Texas power grid survived arctic blast, but some experts still concerned about its reliability

The Texas power grid survived the arctic blast late last week with no grid-related outages. But some energy experts say grid conditions were still too tight, and could be trouble if we see ice or snow the next time around.

ERCOT credited upgrades made to the grid since Winter Storm Uri’s deadly outages nearly two years ago, for ensuring the grid’s stability during the recent cold snap.

"I do get the sense that some improvement has been made," said Doug Lewin, president of Austin-based Stoic Energy.

The ERCOT grid did have enough power supply throughout the frigid conditions. In the Austin area, any outages were limited and unrelated to grid conditions.

In a pair of tweets, Gov. Abbott touted the grid’s stability and reliability, noting: "No Texan has lost power because of any failure by the ERCOT grid."

In a statement, ERCOT added it "had additional tools left to deploy should additional generation be needed." ERCOT did not enter emergency levels.

"So I don't think the takeaway for anybody from this should be like, oh, it was really cold. The power didn't go out, everything's fixed," said Lewin.

While there was enough supply, we’re learning demand for power shattered expectations to the tune of 13,000 extra megawatts statewide on Friday, raising concerns about ERCOT’s ability to accurately predict how much power will be needed during winter weather.

"That’s a huge miss," said Lewin.

Aside from that, ERCOT quietly sent a letter to Energy Secretary Jennifer Granholm Friday, asking for an exemption to pollution limits for power generators.

In that letter, ERCOT asked the federal government to acknowledge that "an electric reliability emergency exists within the state of Texas," noting "11,000 MW of thermal… 4,000 MW of wind… and 1,700 MW of solar units are currently outaged…due to [weather] conditions."

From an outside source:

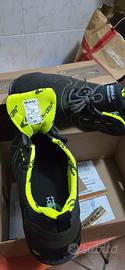 scarpe antinfortunistiche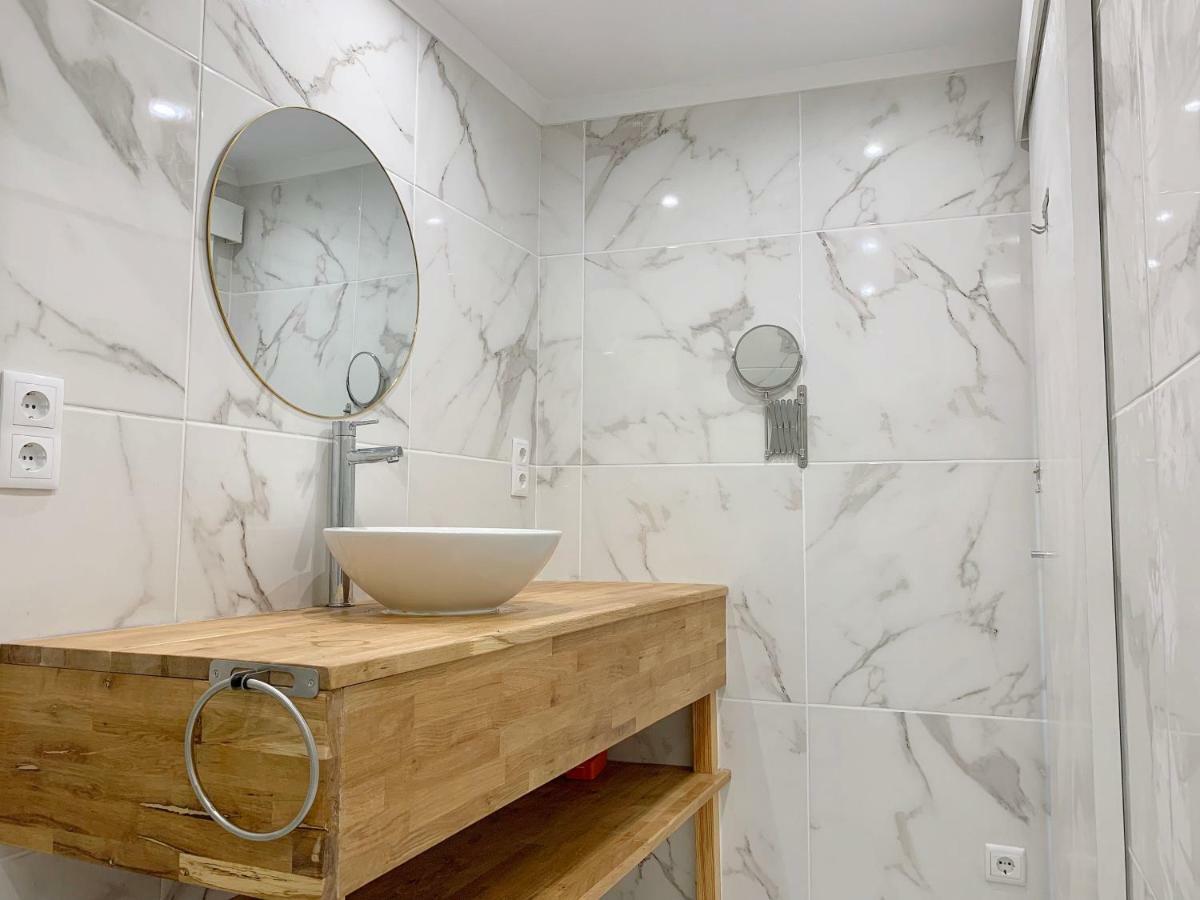 Martim Moniz Studio Apartments - By Lu Holidays Lissabon Exterior foto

"That's a lot. It's not nearly as much as Uri but it's more than what ERCOT expects in their seasonal assessment," said Lewin.

In the letter, ERCOT told the feds that because those plants went down, "it is possible that ERCOT may need to curtail some amount of firm load [Friday] evening, [Saturday] morning, or possibly [Saturday] evening or Sunday morning, in order to maintain the security of the ERCOT system."

"That is industry jargon for 'there's significant risk of outages right now,'" said Lewin.

Regarding the federal order, ERCOT said in a statement:

"ERCOT took precautionary measures by requesting from the Department of Energy that generating units within the ERCOT interconnection to operate up to their maximum generation output levels, if needed. The request would have allowed generators to promptly respond if conditions warranted.

The DOE Order was a tool to have at our ready should we need it, which we did not. ERCOT was never in emergency conditions and had tools to deploy ahead of even using the DOE Order. The Order could only be used if we were in emergency conditions, specifically EEA2 or 3."

However, ERCOT’s statement did not address why Texans weren’t brought into the loop about the risk of outages.

"I think that is absolutely inexcusable," said Lewin. "I mean, they've got to keep in touch with people and explain what's going on."

Lewin says he believes communication needs to improve across the board, especially when it comes to the grid’s natural gas producers.

ERCOT declined FOX 7’s request for an on-camera interview.